**TASK DIRECTIONS**
Return the material below exactly, but only from the line with "Manufacturers often put" through the line with "The suture is", and without its pictures.

**SUPPLIED DATA**
== Segment start ==

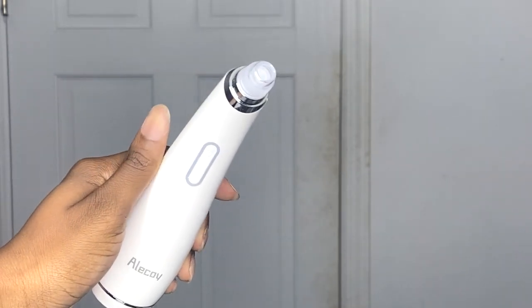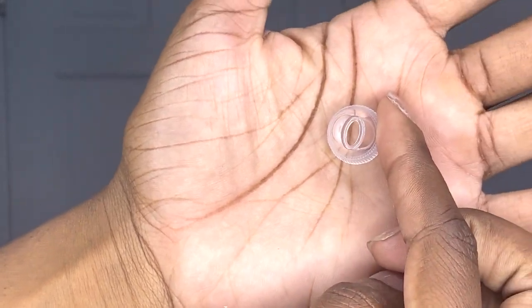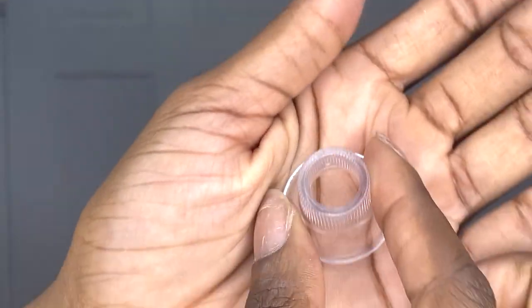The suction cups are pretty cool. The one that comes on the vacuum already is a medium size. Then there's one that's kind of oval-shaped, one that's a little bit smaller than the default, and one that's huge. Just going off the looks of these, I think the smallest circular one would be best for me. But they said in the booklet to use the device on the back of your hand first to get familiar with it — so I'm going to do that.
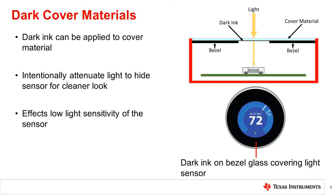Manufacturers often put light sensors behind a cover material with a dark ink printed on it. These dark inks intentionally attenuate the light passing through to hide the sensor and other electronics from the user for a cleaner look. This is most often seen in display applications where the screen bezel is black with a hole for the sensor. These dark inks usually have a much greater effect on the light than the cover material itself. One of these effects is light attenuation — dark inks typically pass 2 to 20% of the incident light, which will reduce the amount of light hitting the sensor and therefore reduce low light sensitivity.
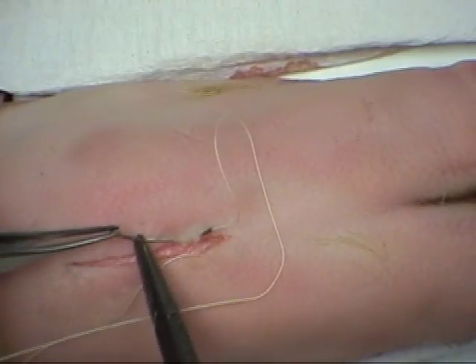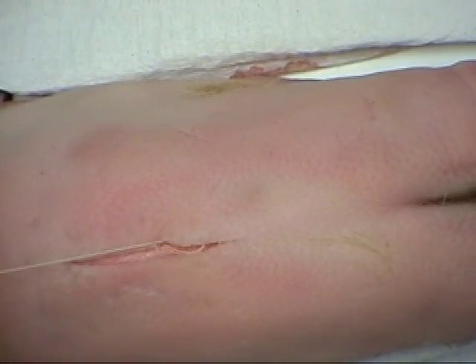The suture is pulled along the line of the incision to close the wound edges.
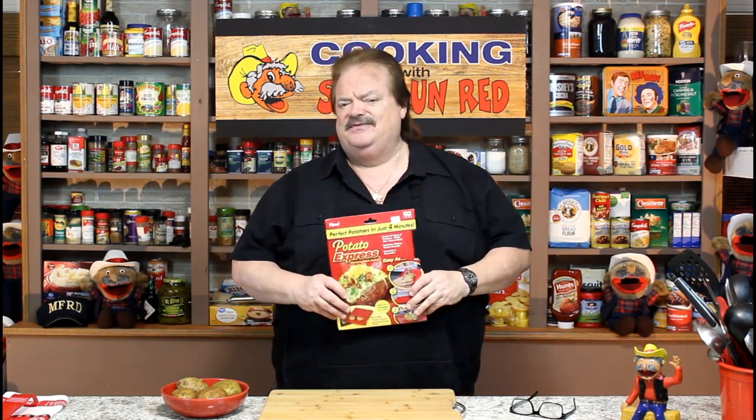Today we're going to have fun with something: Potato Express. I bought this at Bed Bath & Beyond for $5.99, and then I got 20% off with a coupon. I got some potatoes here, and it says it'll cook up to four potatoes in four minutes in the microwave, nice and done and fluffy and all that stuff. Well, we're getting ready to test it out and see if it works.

== Segment end ==

**EXERCISE SOLUTION**
Manufacturers often put light sensors behind a cover material with a dark ink printed on it. These dark inks intentionally attenuate the light passing through to hide the sensor and other electronics from the user for a cleaner look. This is most often seen in display applications where the screen bezel is black with a hole for the sensor. These dark inks usually have a much greater effect on the light than the cover material itself. One of these effects is light attenuation — dark inks typically pass 2 to 20% of the incident light, which will reduce the amount of light hitting the sensor and therefore reduce low light sensitivity.
The suture is pulled along the line of the incision to close the wound edges.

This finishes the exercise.